L’iconografia e l’immaginario del Punitore ha assunto valenze totemiche per molti poliziotti e soldati nell’ultimo decennio, «un periodo che vede sorgere la militarizzazione post-11 settembre e la visibilità del personaggio in nuovi fumetti e due film», scrive Vulture.
Ne avevamo parlato all’indomani dell’uscita di American Sniper, film in cui comparivano diversi riferimenti al personaggio. Riferimenti che, però, derivavano direttamente dall’autobiografia del soldato americano Chris Kyle, alla cui vita reale è ispirato il film di Eastwood. L’unità di Chris Kyle si faceva chiamare “The Punishers” ed era talmente attaccata al personaggio da impedire che un gruppo di commilitoni adottasse lo stesso nome; nella sua autobiografia, Kyle scrive: «Eravamo noi i Punishers, loro dovevano trovarsi un altro simbolo».
Il feticismo verso il teschio del Punitore è l’elemento più comune: non molto tempo fa, un dipartimento di polizia a Solvay, New York difese la loro scelta di aver disegnato il logo sulle volanti: «È il nostro modo di mostrare ai cittadini che ci frapponiamo tra il bene e il male», si legge nel comunicato inviato al Syracuse Post-Standard. E non è una tendenza solo americana. Anche le milizie irachene e sciite che nel 2015 avevano liberato la città di Tikrit dall’influenza dell’Isis – venendo accusate di saccheggio, incendi e omicidi – hanno apposto il simbolo del Punitore su abiti e veicoli.
Jon Bernthal, l’attore che veste i panni di Castle nella serie Netflix, sembra averlo capito bene. Due anni fa, sul palco del New York Comic Con, dedicò la propria interpretazione a «voi ragazzi delle forze armate. So che questo è un grande onore, una grande responsabilità e vi do la mia parola: darò tutto me stesso».
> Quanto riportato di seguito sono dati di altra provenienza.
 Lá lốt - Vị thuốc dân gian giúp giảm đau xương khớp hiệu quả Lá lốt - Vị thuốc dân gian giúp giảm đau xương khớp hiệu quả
La gran parte degli intervistati da Vulture, siano poliziotti o membri delle forze armate, indicano come aspetto preferito proprio questa libertà giurisdizionale del personaggio e l’assenza di legacci nelle sue azioni: «Frank Castle fa cose che anche noi vorremmo poter fare legalmente», afferma Jesse Murrieta, lavoratore freelance per gli U.S. Marshal che ha dipinto con il teschio del Punitore l’uniforme con cui lavora. «Non vede le sfumature di grigio che, sfortunatamente, tormentano il sistema giuridico statunitense e che rallentano e a volte impediscono alle vittime di un crimine di ottenere giustizia». Un altro marine, Matt Salvatico, ammira la mancanza del politicamente corretto: «Non ci sono regole se non le sue, fa quello che va fatto. Punto».
Il veterano dell’esercito Russell Gallaway confessa che il suo amore per il personaggio è stato un fattore che ha pesato molto nella sua scelta lavorativa. «E quando mi trovavo di fronte a un problema mi chiedevo “Cosa farebbe Frank?”. Finchè la risposta non era “Ucciderebbe tutti”, sapevo che era la cosa giusta da fare».
I rappresentanti sanno bene che l’attrazione verso il Punitore ha una forte componente fantastica e liberatoria, ma niente che si debba imitare nella vita vera. Il sergente Charles E. Humes Jr., sul sito Law Officer, si è scagliato contro esternazioni simili asserendo: «Non importa cosa abbia fatto un aggressore o quanto se lo “meriti” davvero, il nostro lavoro non è quello di punire». E Gerry Conway, il co-creatore del personaggio, ha spiegato che quella di Chris Kyle era una lettura erronea del Punitore, perché «non è un uomo da ammirare o emulare».
Tra i fumetti più citati come preferiti, ci sono quelli scritti da Garth Ennis, che all’alba del nuovo millennio ha aggiornato Frank Castle per tempi più crudeli. Ma nemmeno Ennis vede di buon occhio il fandom militare: «Il suo status di guerriero non è positivo. […] Frank vede la guerra come risposta a tutti i suoi problemi. È complicato e lui risolve la cosa a modo suo».
Lo stesso pensa Bernthal, che al Los Angeles Times ha difeso la visione anti-eroica di Castle: «Se ho creato un tipo che glorifica la violenza, ho fallito. Non voglio che guardandolo si pensi “Questo tizio è chiaramente un eroe”. Frank soffre di un dolore indicibile e c’è un costo incredibile per la violenza che ha sperimentato nella sua vita».
«Un personaggio di finzione come lui che corregge le storture, anche se è un fumetto, aiuta a contrastare le frustrazioni», chiosa Murrieta. «Il momento del Punitore è ora. Alcune persone vorrebbero farci piacere Superman, ma poi capiscono che il personaggio di cui hanno bisogno davvero è il Punitore».